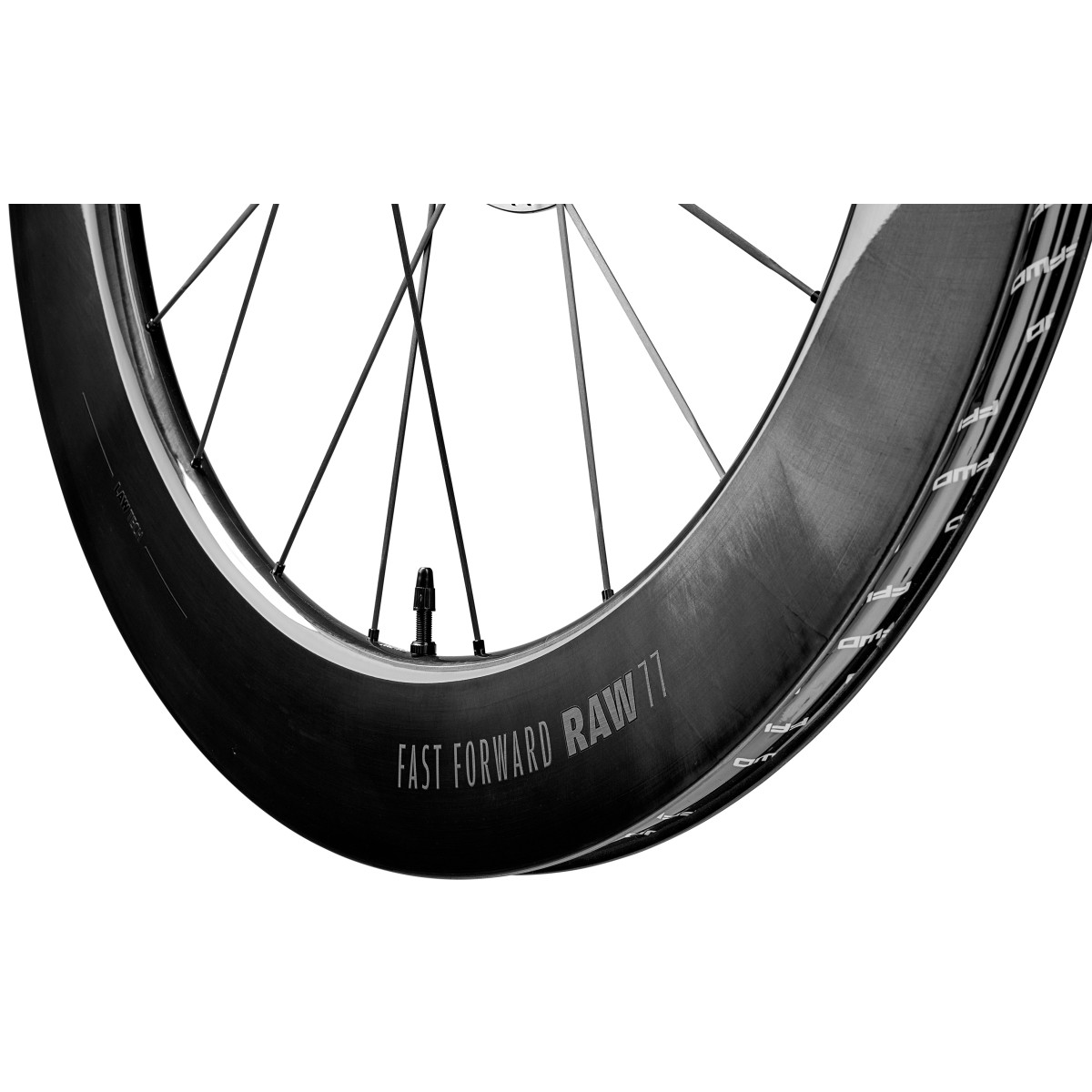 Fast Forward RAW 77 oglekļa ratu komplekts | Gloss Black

==

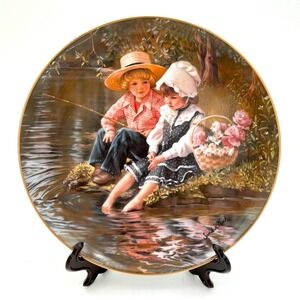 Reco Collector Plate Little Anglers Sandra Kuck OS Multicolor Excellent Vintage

* * *

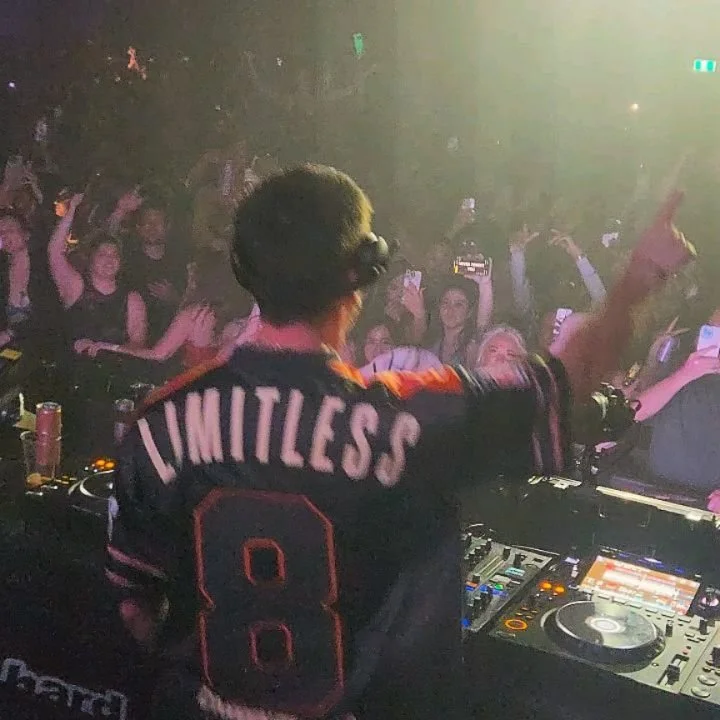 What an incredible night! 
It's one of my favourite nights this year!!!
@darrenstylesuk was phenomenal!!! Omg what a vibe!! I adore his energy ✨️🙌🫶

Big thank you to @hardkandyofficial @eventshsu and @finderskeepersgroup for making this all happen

▶ **Exercise**:
In the material above, report how many lines hold the word "this", and add nothing to the figure.

▶ **Result**:
2